I work with women, teenagers, young adults, children who suffer from eating disorders.  Females who feel so disconnected from their bodies that they intentionally starve, over-exercise, binge, purge, in some false attempt to gain control, confidence, and security.  Females who hear a constant internal voice beating them up, dictating how much they should eat or not eat, imagining judgment from everyone around them, pointing out flaws (whether actual or simply perceived), imagining that worth is connected with how fat or thin they are.

I work with parents of middle school girls who have been told by middle school boys that they should be raped.  I work with middle school girls who feel they need to perform sexual acts or reveal parts of their bodies in order to be liked by boys.

I work with teens, young adults, and women who feel that the only way they can receive love, acceptance, intimacy with a male is to “give it up.”  They have sex with their husbands or boyfriends because they feel it’s their duty, whether they want to or not.  They are coerced into sexual acts as though their bodies do not belong to themselves.

I work with women who are in abusive relationships, but cannot define it as such.  I’ll ask if arguments have ever become physical and will be told, “No, not really.  Every once in a while he’ll push me, but he’s not abusive or anything.”

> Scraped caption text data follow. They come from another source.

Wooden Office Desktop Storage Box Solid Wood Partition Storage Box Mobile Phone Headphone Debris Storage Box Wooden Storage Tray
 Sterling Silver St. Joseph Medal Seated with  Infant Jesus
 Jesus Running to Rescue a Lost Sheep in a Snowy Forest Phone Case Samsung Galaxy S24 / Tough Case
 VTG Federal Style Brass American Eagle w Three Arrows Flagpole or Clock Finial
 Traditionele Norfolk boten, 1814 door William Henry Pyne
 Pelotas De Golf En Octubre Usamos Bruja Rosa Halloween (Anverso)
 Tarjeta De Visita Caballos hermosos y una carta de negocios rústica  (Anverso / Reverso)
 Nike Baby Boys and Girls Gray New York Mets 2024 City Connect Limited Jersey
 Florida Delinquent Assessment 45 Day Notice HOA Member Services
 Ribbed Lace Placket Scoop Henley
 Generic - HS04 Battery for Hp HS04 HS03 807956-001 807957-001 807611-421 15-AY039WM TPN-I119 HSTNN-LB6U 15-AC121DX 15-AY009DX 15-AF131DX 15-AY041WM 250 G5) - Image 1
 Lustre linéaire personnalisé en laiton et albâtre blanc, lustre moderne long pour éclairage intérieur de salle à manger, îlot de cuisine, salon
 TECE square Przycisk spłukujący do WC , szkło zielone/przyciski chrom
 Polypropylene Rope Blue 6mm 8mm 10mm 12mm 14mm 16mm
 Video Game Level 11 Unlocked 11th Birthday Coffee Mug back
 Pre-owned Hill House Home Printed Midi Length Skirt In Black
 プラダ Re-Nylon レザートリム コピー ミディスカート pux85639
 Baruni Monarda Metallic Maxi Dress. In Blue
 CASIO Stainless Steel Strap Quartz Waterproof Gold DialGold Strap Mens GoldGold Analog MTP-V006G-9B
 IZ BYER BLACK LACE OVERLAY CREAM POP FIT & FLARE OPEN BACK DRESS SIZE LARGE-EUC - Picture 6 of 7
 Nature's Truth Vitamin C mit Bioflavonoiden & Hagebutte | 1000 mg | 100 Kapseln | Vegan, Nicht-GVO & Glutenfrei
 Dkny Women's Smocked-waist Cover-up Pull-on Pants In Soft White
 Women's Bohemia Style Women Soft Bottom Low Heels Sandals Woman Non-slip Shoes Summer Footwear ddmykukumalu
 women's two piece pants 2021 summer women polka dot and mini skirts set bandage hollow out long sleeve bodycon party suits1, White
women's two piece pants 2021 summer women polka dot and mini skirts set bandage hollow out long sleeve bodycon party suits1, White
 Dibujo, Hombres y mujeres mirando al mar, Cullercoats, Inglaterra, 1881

I work with young women who have been more traumatized by their family’s, friend’s, society’s response to their sexual assault than they were by the assault itself.  Being told they deserved it.  Being told they shouldn’t have dressed a certain way.  Being told they were in the wrong place at the wrong time.  Being told they shouldn’t talk to anyone about it.  They should feel ashamed.

And I am helpless. 

Yes, I can provide support to these amazing women.  I can help them find their strength and peace.  But, I cannot change the dynamics of our society which allows these things to continue.  I cannot guarantee my daughter will grow up in a world which values her for all of her and not just her body. 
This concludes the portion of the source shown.